Menariknya, para pengadu yang sebelumnya melaporkan lima anggota DPR itu diketahui telah mencabut aduannya sebelum putusan dibacakan.
Ketua MKD Nazaruddin Dek Gam menjelaskan, para pelapor — di antaranya Hotman Samosir, Kesatuan Mahasiswa Hindu Dharma Indonesia (KMHDI), Komunitas Pemberantas Korupsi Sumatera Barat, dan LBH serta Lembaga Kajian Pemerhati Hukum Indonesia — resmi mencabut laporan mereka.
“Para pengadu telah melakukan pencabutan pengaduannya, sehingga tidak wajib dihadirkan dalam persidangan MKD,” ujar Dek Gam.

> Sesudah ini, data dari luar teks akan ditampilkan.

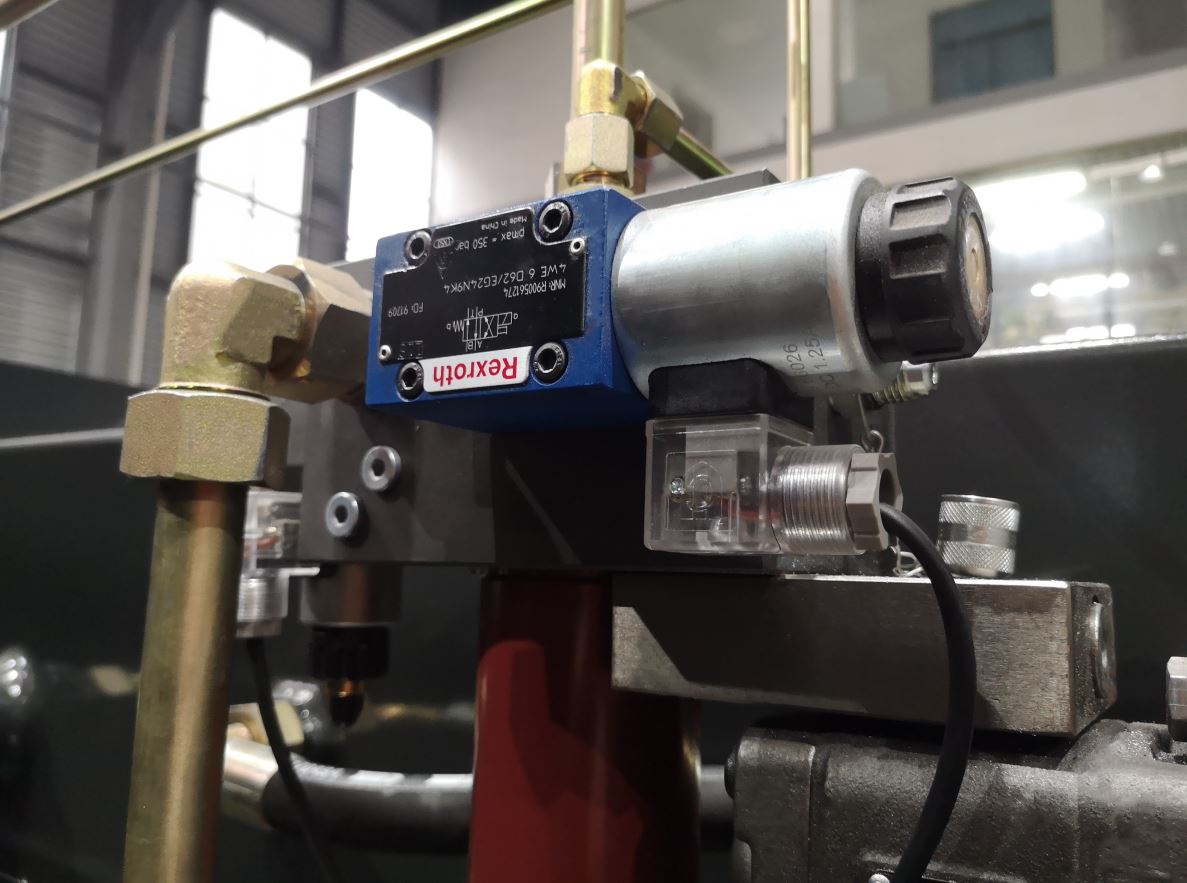 Delem Da66t 125 3+1 4+1 6+1 8+1 Cnc Hydraulic Press Brake For Metal Plate Bending Delem Da66t 125 3+1 4+1 6+1 8+1 Cnc Prensa hidráulica para dobra de chapas metálicas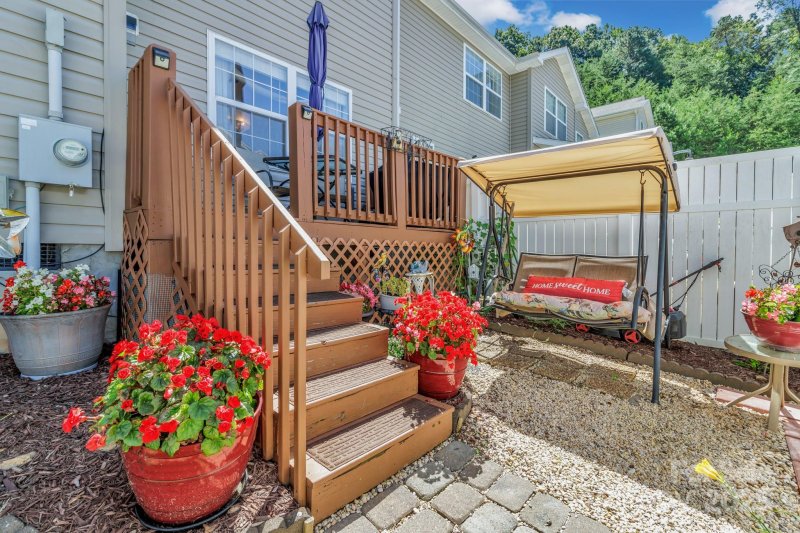 Property image 5 of 107 Loch Haven Road in Brookhaven Village, Swannanoa, NC 28778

Hal senada disampaikan Wakil Ketua MKD TB Hasanuddin yang menyebut pencabutan dilakukan karena telah ada klarifikasi dari para teradu.
“Para pengadu mencabut aduan karena adanya klarifikasi dan kesalahan dalam menelaah informasi yang beredar di media,” katanya.
Anggota MKD Agung Widyantoro menambahkan, sesuai pendapat ahli, pencabutan laporan otomatis membuat perkara etik dianggap tidak ada.
Latar Belakang Kasus
Kasus ini bermula dari aksi joget dan komentar kontroversial sejumlah anggota DPR saat Sidang Tahunan DPR pada Agustus 2025, yang memicu kemarahan publik dan aksi unjuk rasa di depan kompleks parlemen.
Sebanyak lima anggota DPR kemudian dinonaktifkan oleh partai masing-masing dan diperiksa oleh MKD atas dugaan pelanggaran etik.
Dalam prosesnya, MKD menghadirkan delapan saksi dan ahli, antara lain Deputi Persidangan Setjen DPR Suprihartini, ahli kriminologi Prof. Adrianus Eliasta, ahli sosiologi Trubus Rahadiansyah, serta ahli media sosial Ismail Fahmi.
Putusan yang dibacakan pada Rabu sore tersebut menandai akhir dari proses etik yang telah berjalan sejak awal November 2025.